Become more social, customer-orientated and dynamic. They have done this by collecting data, learning from the data, and improving and adapting in response. This is because of cheaper storage and processing, faster networks, and free open-source tools.
What technological shift enabled widespread data analytics?
Cloud-based infrastructure (e.g., AWS, GCP) and Infrastructure as a Service solutions from internet giants like Google, Amazon, and Microsoft.
How has big data transformed marketing?
Customer profiling, targeted ads, and personalised communication and recommendations.
What are the 3 V’s of big data?
Volume, Velocity and Variety
What are the four fundamental functionalities that Data-intensive applications are built from?
Database - Store data so it can be retrieved later.
Caching - Store the results of expensive operations to be used again soon.
Indexing - Allow users to efficiently search the data.
Batch Processing - Periodically run specific routines on large amounts of accumulated data.
What are the three important things that a Data-intensive application needs to be?
Reliable, Scalable, Maintainable
What does it mean for a system to be reliable?
It performs the function the user expected. It can tolerate the user making mistakes.

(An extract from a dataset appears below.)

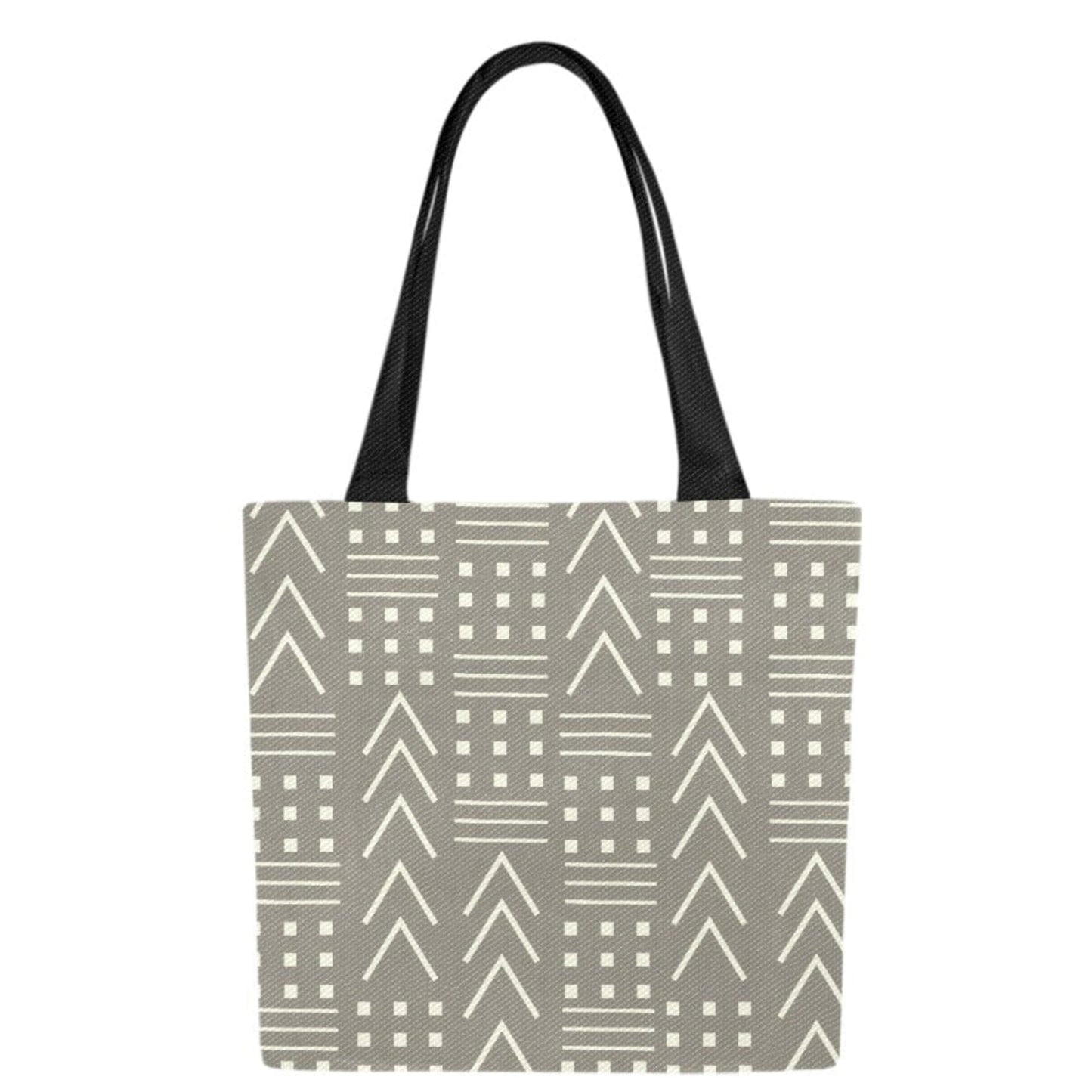 reusable grocery shopping tote bag Artichoke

Its performance is good enough for the requires use case, under the expected load and volume. It prevents any unauthorised access.

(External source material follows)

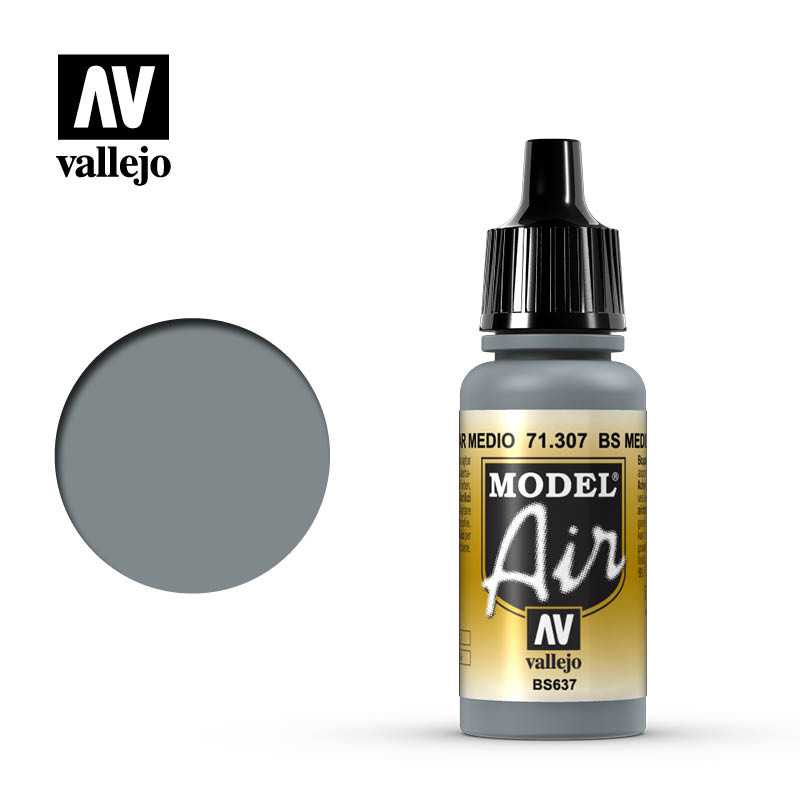 MA BS Gris Mar Medio 17ml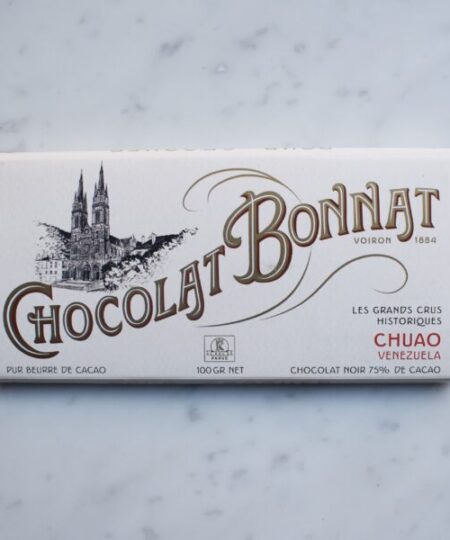 Bonnat Venezuela Chuao fondente 75%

What are faults and failures?
A fault is when a component (hardware/software) of the system works in an unexpected way, and a failure is when the entire system stops providing the service.

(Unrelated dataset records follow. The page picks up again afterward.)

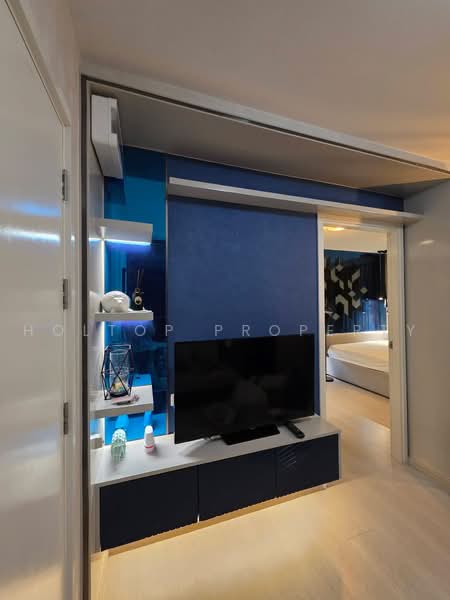 Plum Condo Ram 60 Interchange : พลัมคอนโด ราม 60 อินเตอร์เชนจ์, กรุงเทพ, ซอย รามคำแหง 60, หัวหมาก, บางกะปิ, กรุงเทพ, 27 ตร.ม., คอนโด ให้เช่า, โดย Holtop Property, 500478559 - DDproperty.com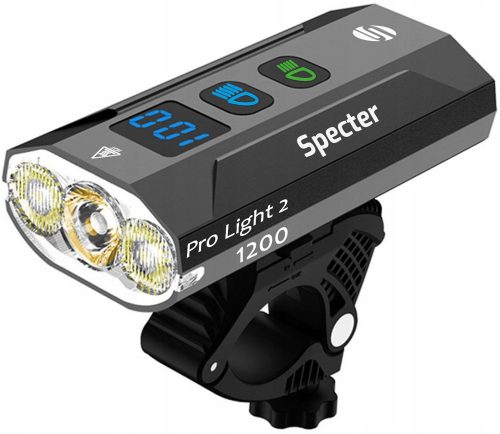  Spectre ProLight2 1200 lm USB lučka za kolo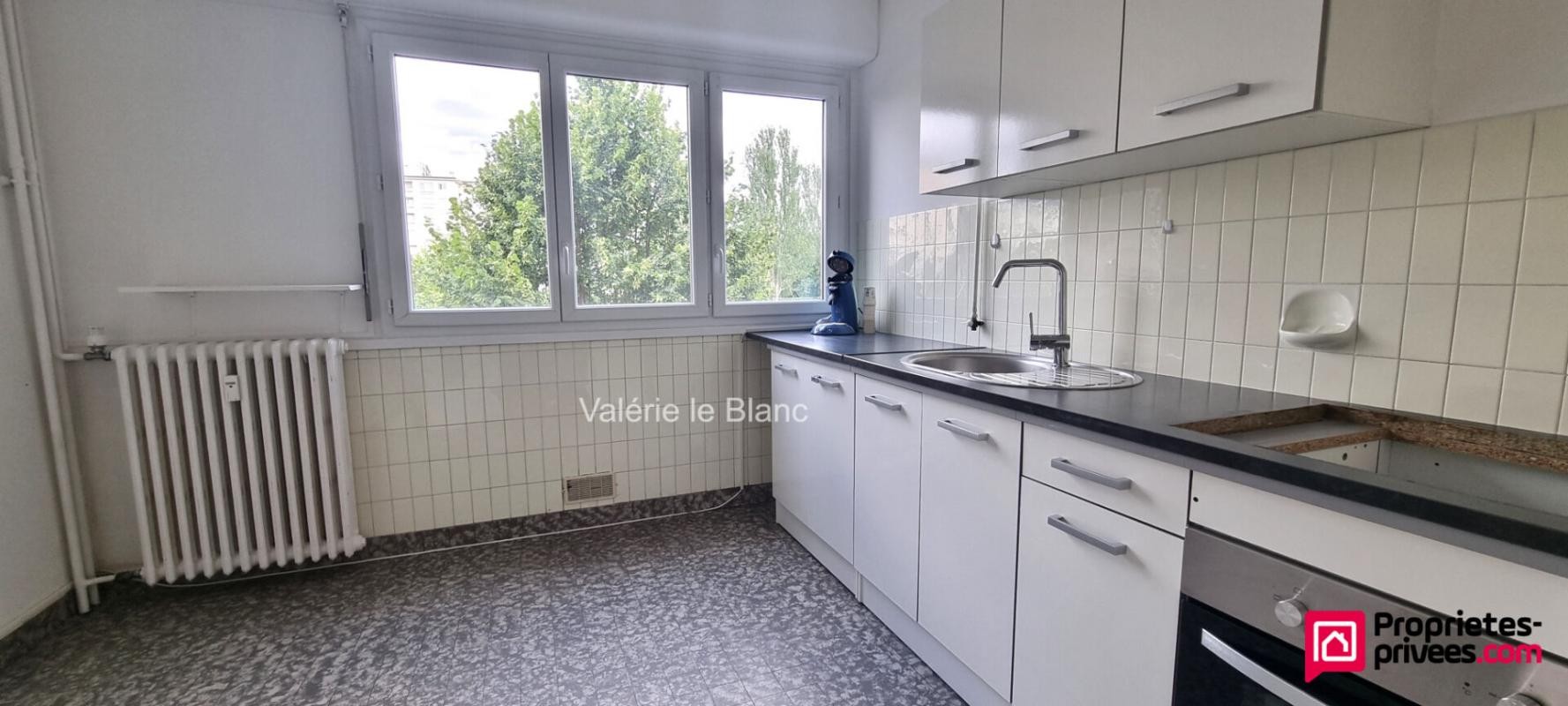 Vente Appartement à Annemasse 3 pièces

What are Hardware Faults and what measures can be taken to stop them?
Usually when a HDD, memory module or PSU stops working. In large data centres this is common. We can use hardware measures such as RAID for HDD’s, redundant PSU’s, and hot-swappable CPU’s.
What are Software Faults?
When the software stops working. These are harder to anticipate, and can be present on many nodes of a system causing widespread failures.
What is Scalability?
A system’s ability to cope with increased load
What is Load?
A measure of the amount of use of a system, for example: requests per second, number of players, read/write ratio.
What is performance?
How well the system is responding to the load, for example: response time, or time taken to process a dataset. The average and distribution are both important.
What is Vertical Scaling?
Upping the specs of the current system, this does not scale linearly, and has limited fault tolerance.
What is Horizontal Scaling?
Increasing the amount of devices in the system, which scales better and has better fault tolerance.
What is Maintainability?
The overall cost to maintain a system operational and updated.
What is Operability?
How easy it is for the operation team to keep it running. Includes good monitoring, automation, and predictable behaviour.
What is Simplicity?
How easy it is for new people working on the system to understand it, without reducing functionality, just accidental complexity.
What is Evolvability?
How easy it is to make changes and update the system, which is closely linked with simplicity.